The forest is particularly vulnerable to the risk of wildfires; the majority are commonly started by arson, discarded cigarettes, barbeques and campfires. Summer fires can cause serious harm to wildlife and destroy rare plants. As you know, we live in a precious place and we all need to think about the impact our visit to the forest has, and take steps to keep this beautiful place safe.
The recent glorious weather has meant that people have been able to enjoy the beautiful surroundings of the forest. Unfortunately, many have being using disposable barbecues on our forest lawns, which damages the grass and leaves behind unsightly scorch marks. The grass will take many weeks to recover and causes a loss of grazing for ponies.
If you’re planning a barbecue in the forest please take a look at the following guidance and enjoy your sausages and burgers safely:
Disposable barbecues are only allowed to be used at sites where we provide stands and water – these are located at Blackwater and Bolderwood. There are picnic tables with metal plates in the centre at Wilverley Inclosure, making this an ideal location for barbecues.
Raised non-disposable barbecues are allowed on the hard-standing areas of our car parks.
Always have enough water available to put out your barbecue
Ensure your barbecue is out cold after use and take it home with you, this includes barbecue coals and ash
Do not dispose of hot barbecue coals in the wooden bins in car parks
Barbecue hearths are available for hire at Anderwood and Wilverley. If you are planning a barbecue for over 20 people you will need to book one of these sites in advance. To check availability of these sites please call us on: 0300 067 4640 or e-mail us at firstname.lastname@example.org
Our woodlands are not just a place for recreation and relaxation, or important habitats for wildlife; they’re also an important resource and part of our local economy.
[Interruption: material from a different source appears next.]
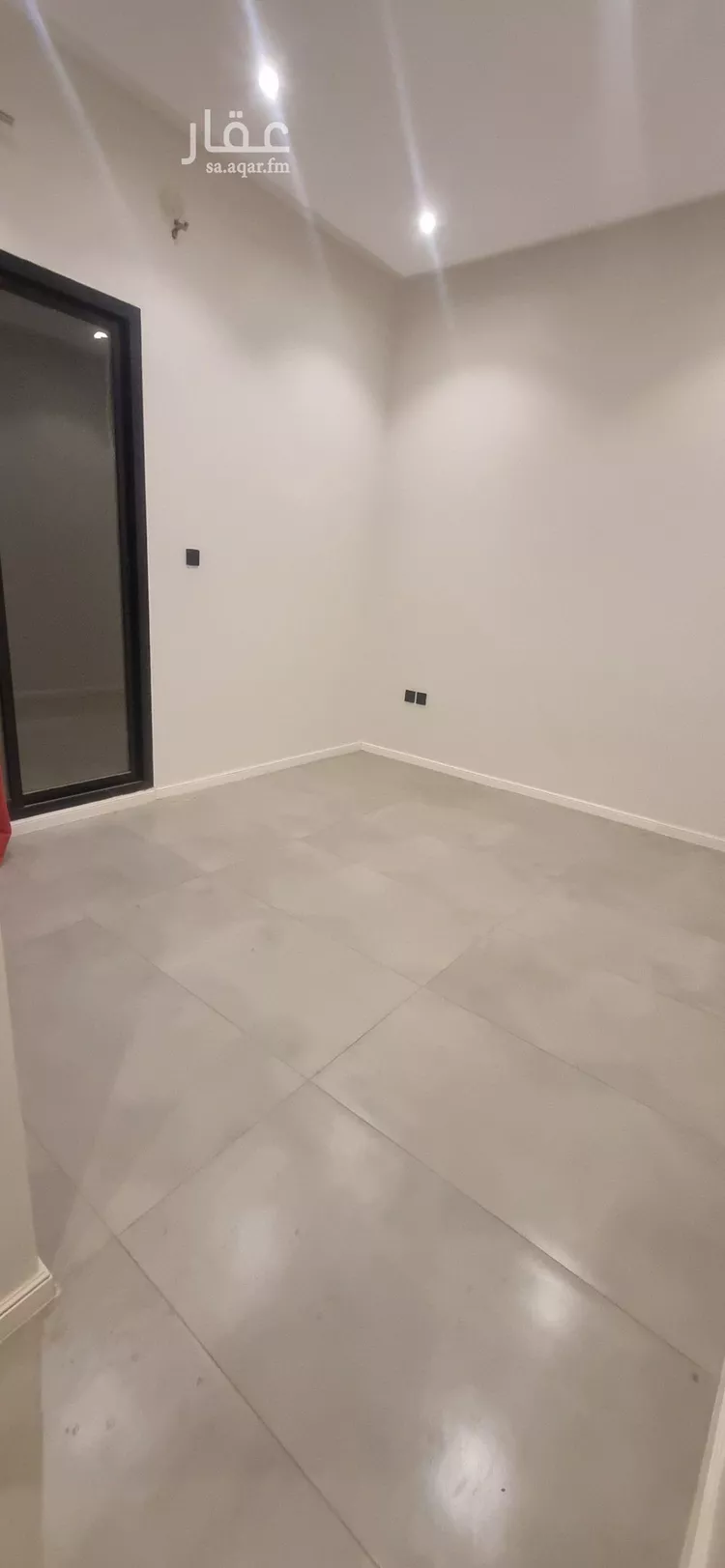 شقة للإيجار في شارع علي الثمانيني, حي الأندلس, مدينة الرياض, منطقة الرياض صورة 2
At the Forestry Commission, all of the timber that we harvest carries FSC (Forest Stewardship Council) certification – in other words our woodlands and the way we manage them meet strict environmental standards. Importantly, the timber is also Grown in Britain – an initiative which brings together everyone who values our forests, woods and trees, and the products we can make from the wood they produce. Have you considered where your charcoal comes from? Did you know that of the 50,000 tonnes of charcoal consumed annually in the UK, 90% of it comes from abroad. Sustainable charcoal is relatively easy to come by - many supermarkets, garden centres and local stores sell locally grown, Forest Stewardship Council (FSC) certified charcoal, either loose in bags or as disposable barbecues.
So when you’re planning to next light up a barbecue stop for a moment and consider the different ways that you can help to keep the forest safe from summer fires.